## EXERCISE DESCRIPTION
Using the data below, restate exactly every line from the one with "Once you see" up to and including the one with "It will ask". No picture belongs in it.

## DATA SUPPLIED

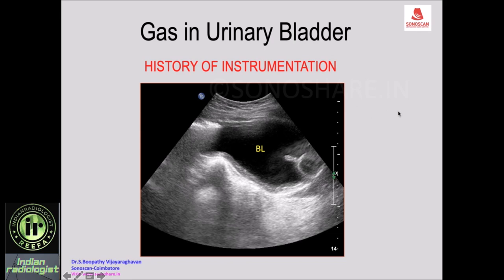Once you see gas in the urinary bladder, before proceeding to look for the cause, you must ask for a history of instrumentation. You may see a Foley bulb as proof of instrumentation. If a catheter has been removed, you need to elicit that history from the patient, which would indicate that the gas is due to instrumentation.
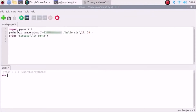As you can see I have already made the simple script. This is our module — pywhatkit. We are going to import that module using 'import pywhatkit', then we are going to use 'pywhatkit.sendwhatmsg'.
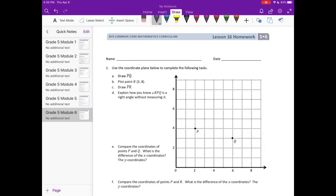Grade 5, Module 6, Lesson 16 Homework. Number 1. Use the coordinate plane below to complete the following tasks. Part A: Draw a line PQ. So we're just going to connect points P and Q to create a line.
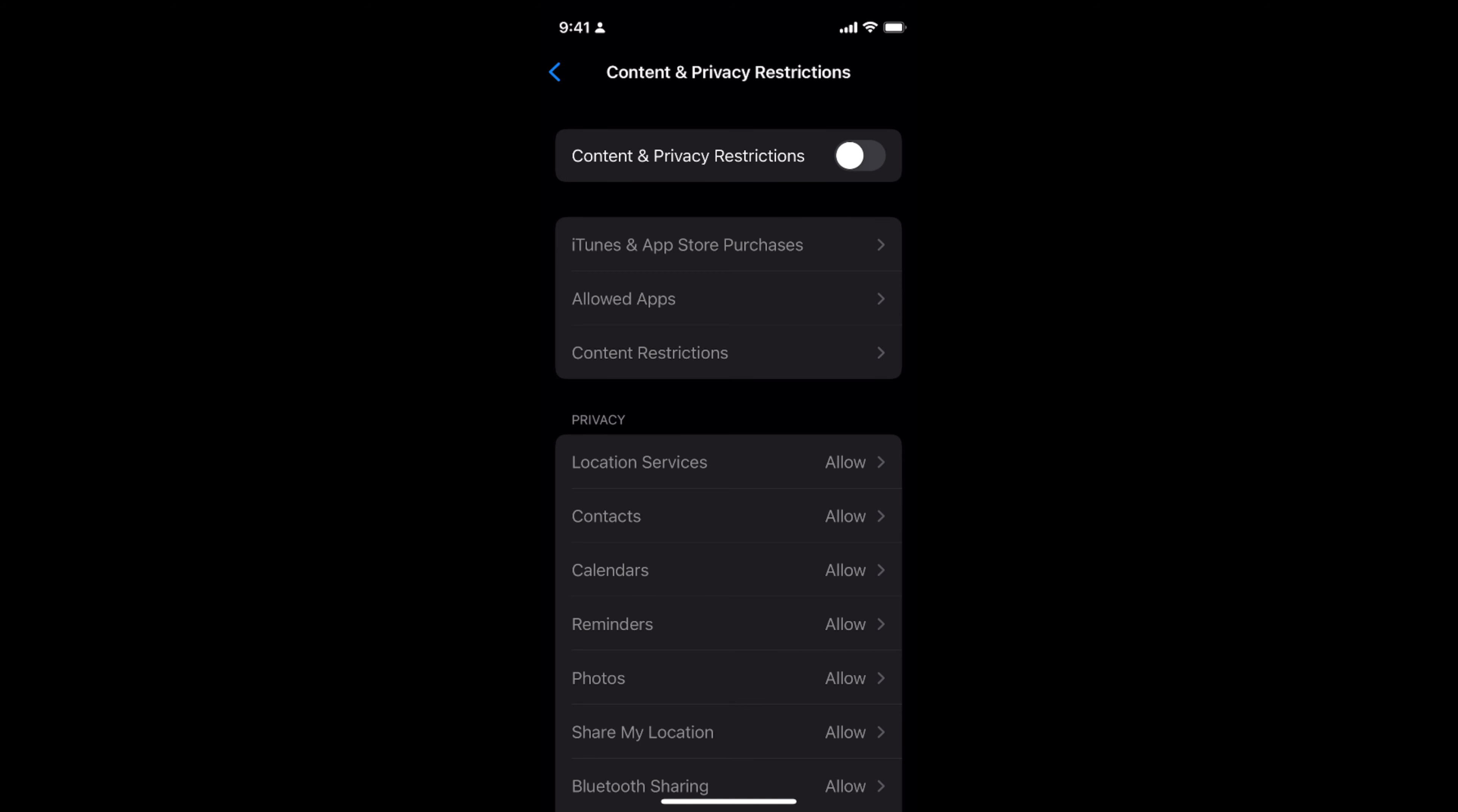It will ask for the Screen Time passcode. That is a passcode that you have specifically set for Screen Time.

...

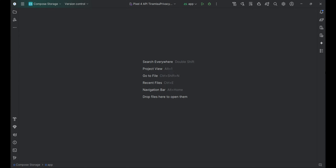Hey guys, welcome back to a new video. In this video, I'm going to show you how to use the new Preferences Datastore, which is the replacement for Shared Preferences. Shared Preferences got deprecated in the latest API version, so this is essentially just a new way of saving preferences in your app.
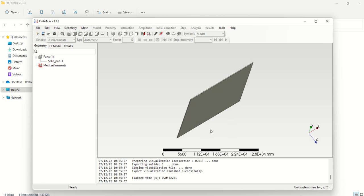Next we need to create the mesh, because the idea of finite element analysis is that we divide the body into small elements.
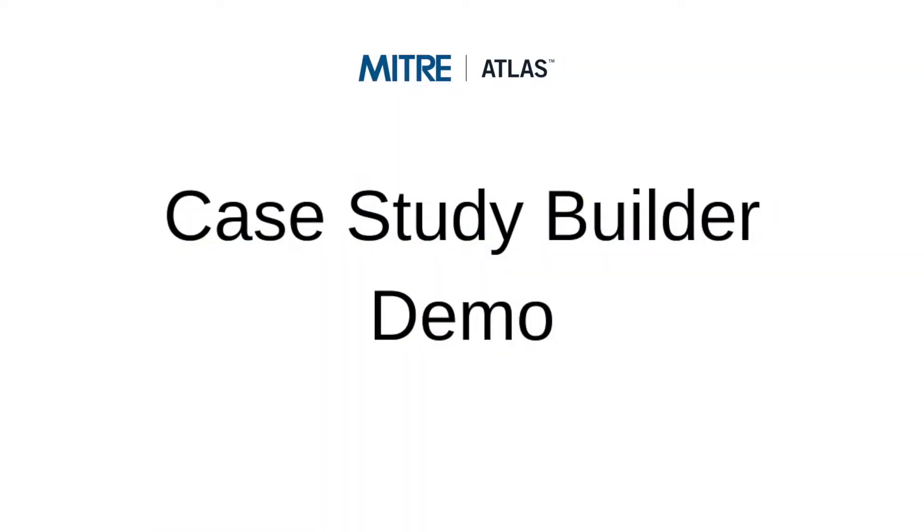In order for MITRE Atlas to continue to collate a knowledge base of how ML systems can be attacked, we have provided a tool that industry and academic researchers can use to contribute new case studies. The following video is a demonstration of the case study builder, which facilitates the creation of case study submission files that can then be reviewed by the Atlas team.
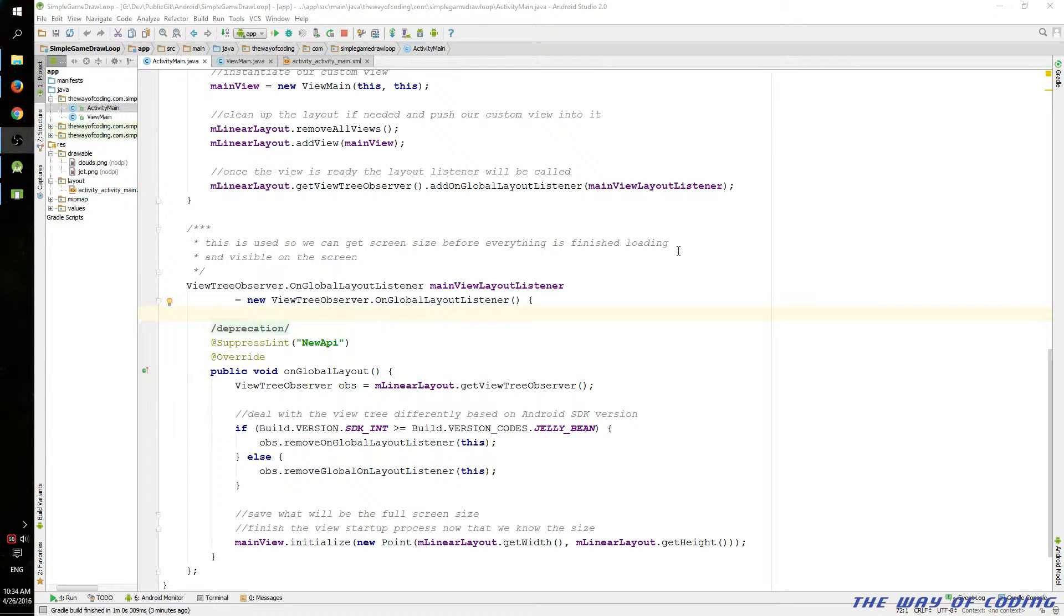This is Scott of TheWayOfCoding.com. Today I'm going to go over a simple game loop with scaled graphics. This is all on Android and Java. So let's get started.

## SOLUTION TO THIS PROBLEM
Once you see gas in the urinary bladder, before proceeding to look for the cause, you must ask for a history of instrumentation. You may see a Foley bulb as proof of instrumentation. If a catheter has been removed, you need to elicit that history from the patient, which would indicate that the gas is due to instrumentation.
As you can see I have already made the simple script. This is our module — pywhatkit. We are going to import that module using 'import pywhatkit', then we are going to use 'pywhatkit.sendwhatmsg'.
Grade 5, Module 6, Lesson 16 Homework. Number 1. Use the coordinate plane below to complete the following tasks. Part A: Draw a line PQ. So we're just going to connect points P and Q to create a line.
It will ask for the Screen Time passcode. That is a passcode that you have specifically set for Screen Time.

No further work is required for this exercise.